◆ What is needed: All of the data should be copied exactly, with the pictures left out.

◆ Data:
____________________

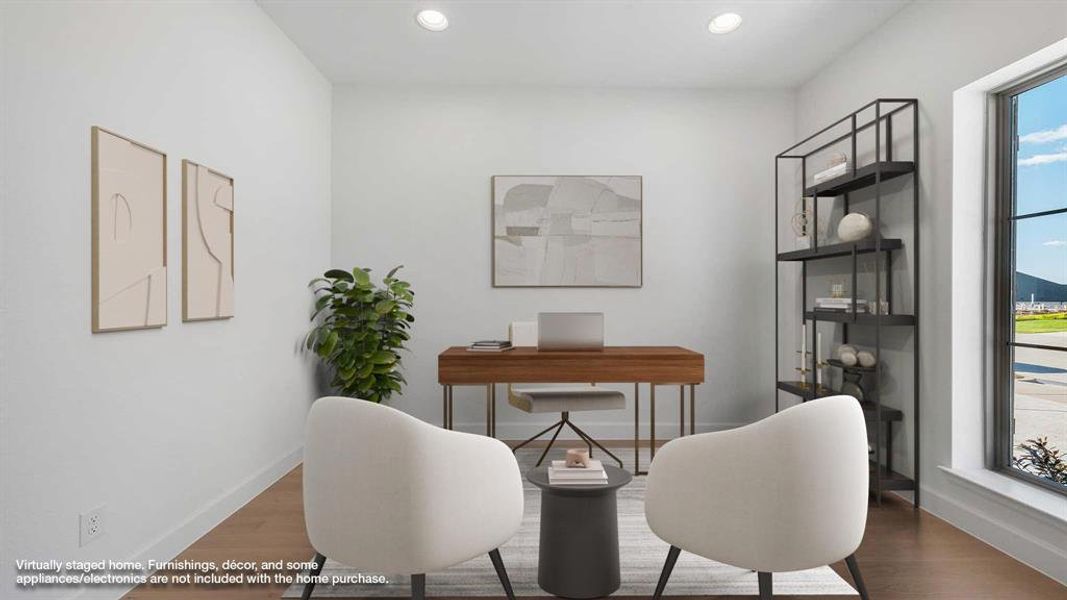 Furnished interior view inside a new home in Terraces, Rockwall (Image 6).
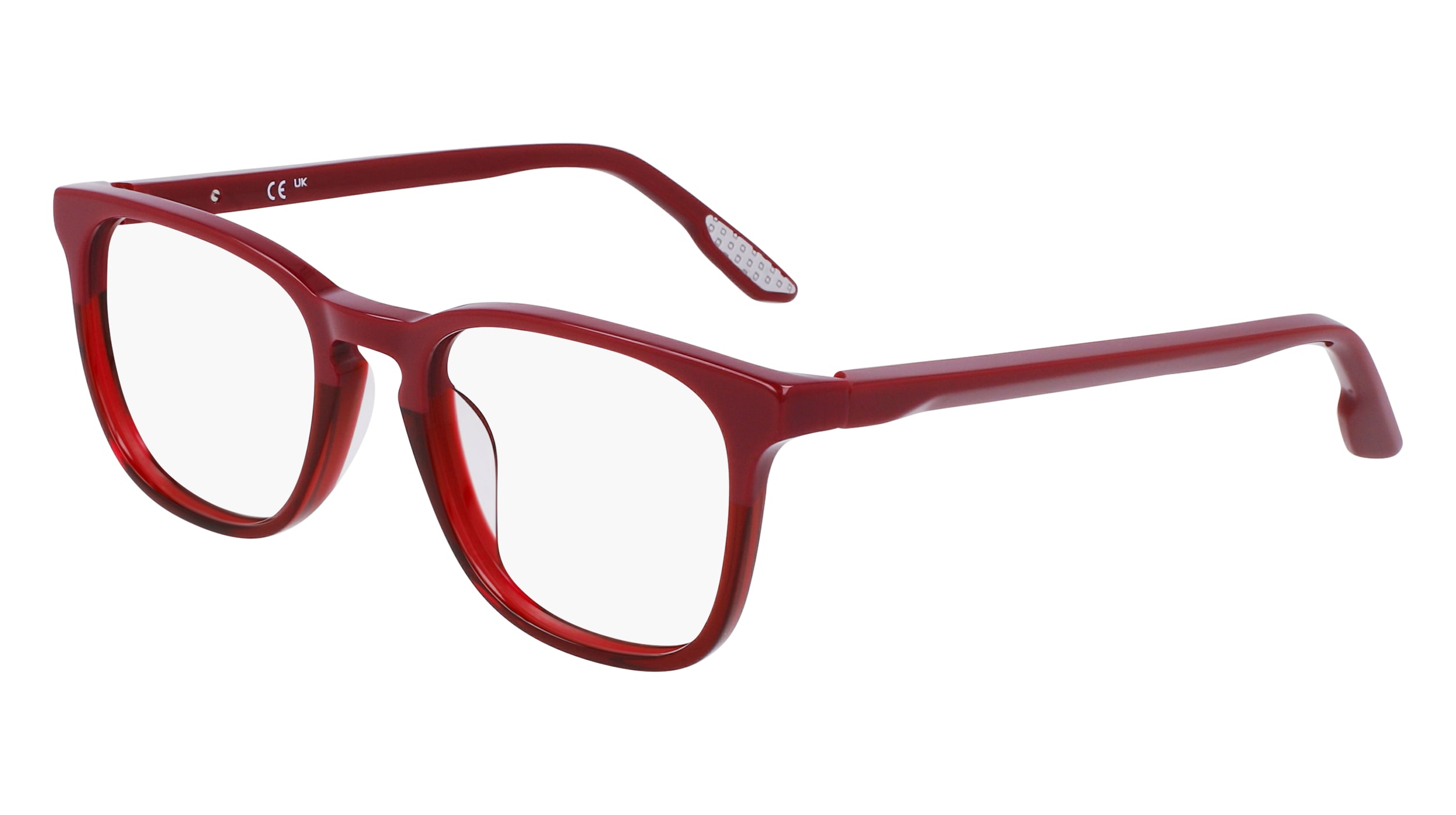  clear lenses/oxblood gradient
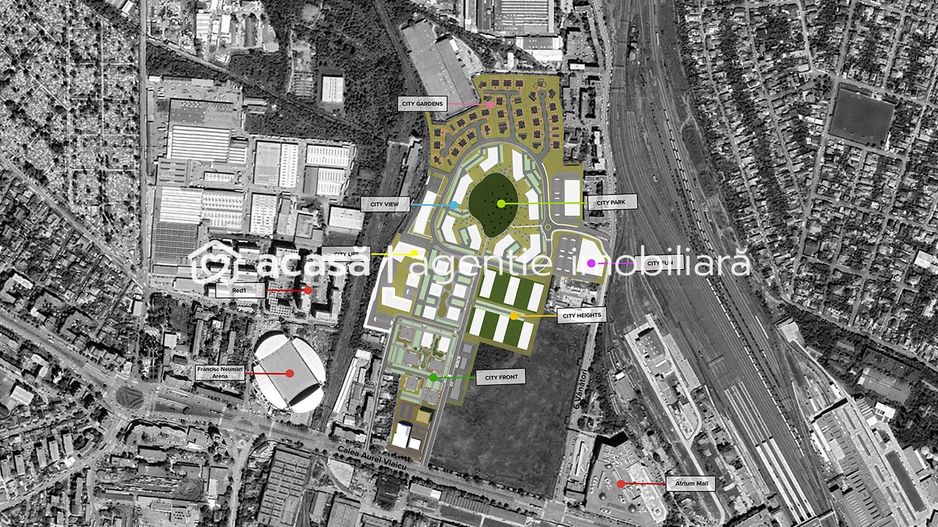 Apartament cu 2 dormitoare si grădină, ARED 9, lângă Atrium. BLOC NOU. - Poză 8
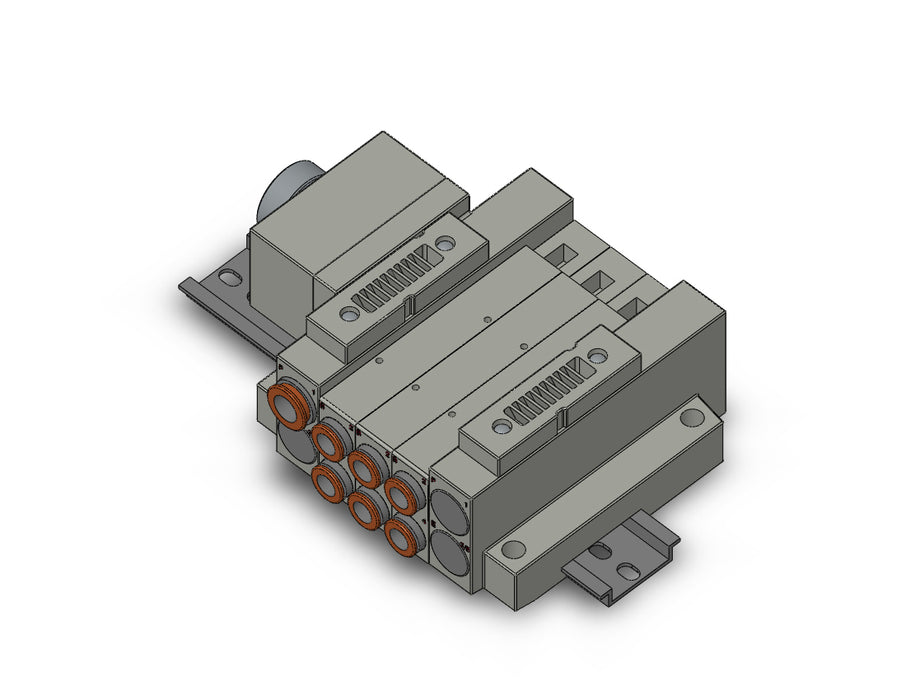 SS5V2-W16CD-03DS-C8 SS5V 03 Station Manifold, Cassette Base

____________________

◆ Exercise solution:
 Furnished interior view inside a new home in Terraces, Rockwall (Image 6).
  clear lenses/oxblood gradient
 Apartament cu 2 dormitoare si grădină, ARED 9, lângă Atrium. BLOC NOU. - Poză 8
 SS5V2-W16CD-03DS-C8 SS5V 03 Station Manifold, Cassette Base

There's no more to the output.